------ Source material ------
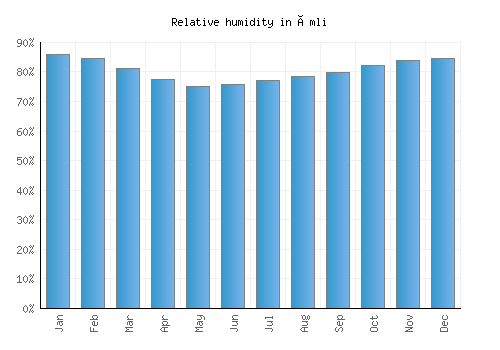 Åmli relative humidity averages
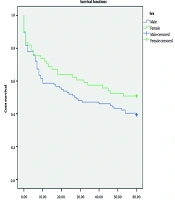 Five Year Survival of Common Primary Bone Cancers in Guilan, The North Province of Iran, 2014 - 2018: A Retrospective Cohort Study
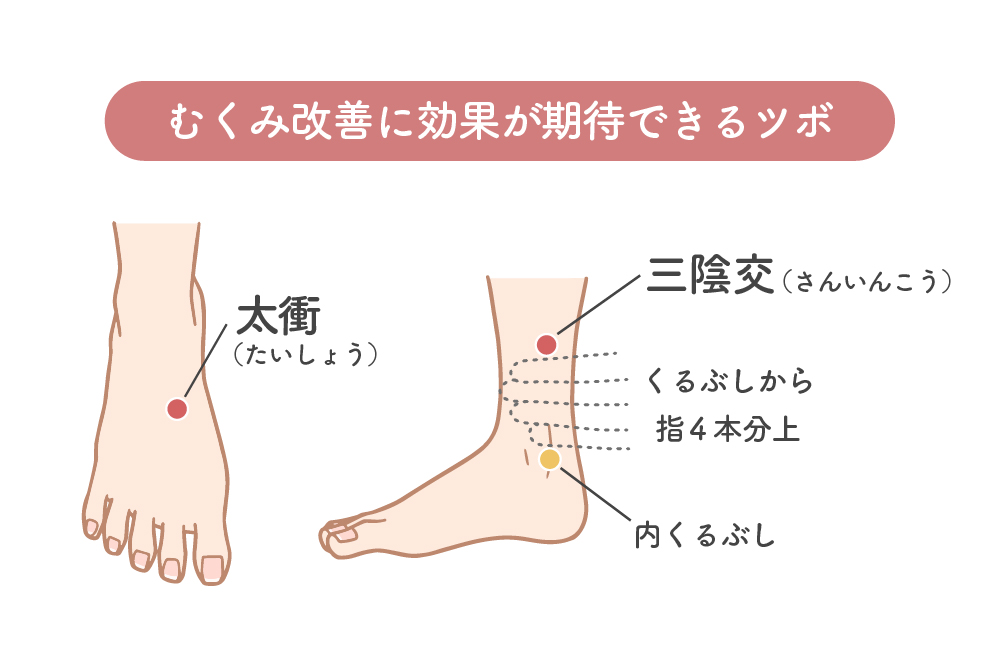 むくみ改善に効果が期待できるツボ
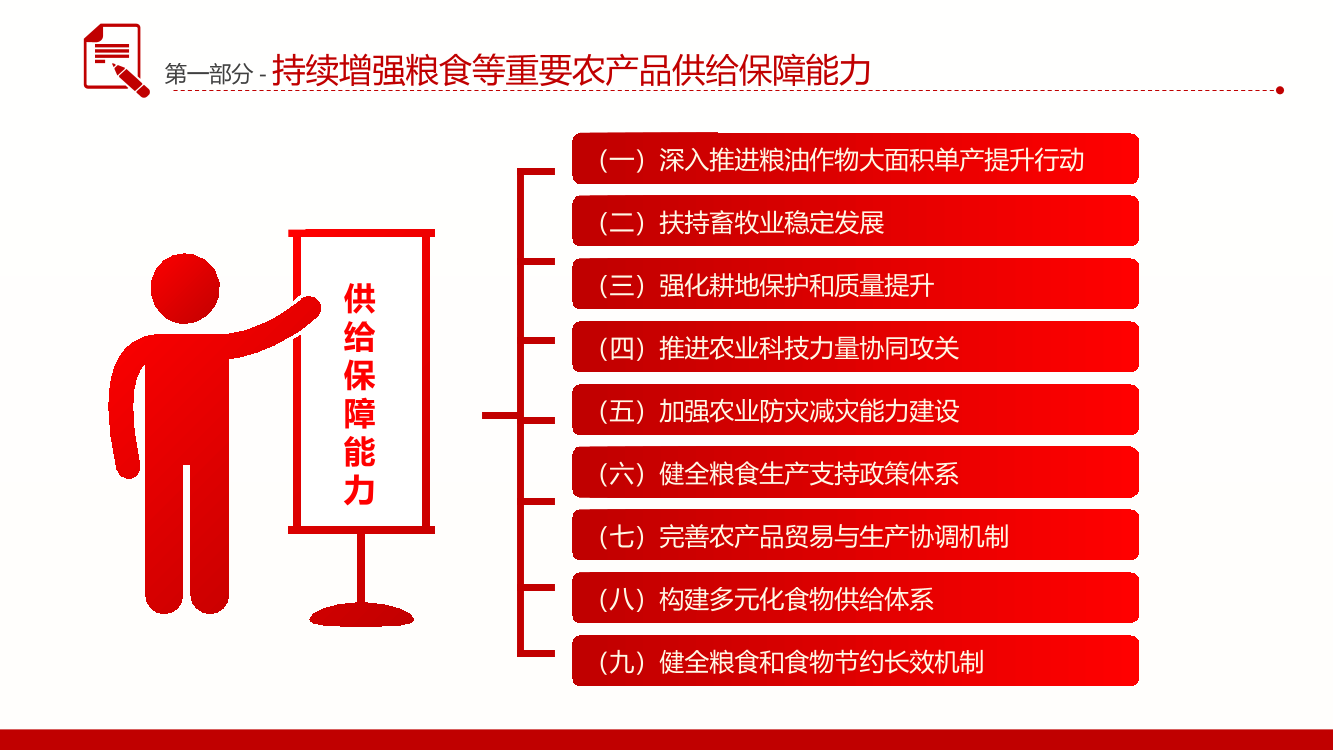 读懂2025中央一号党课ppt课件（20250227）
------
> _About this exercise_
A verbatim rendering of the listing above is required, without any of its pictures.

> _Task solution_
 Åmli relative humidity averages
 Five Year Survival of Common Primary Bone Cancers in Guilan, The North Province of Iran, 2014 - 2018: A Retrospective Cohort Study
 むくみ改善に効果が期待できるツボ
 读懂2025中央一号党课ppt课件（20250227）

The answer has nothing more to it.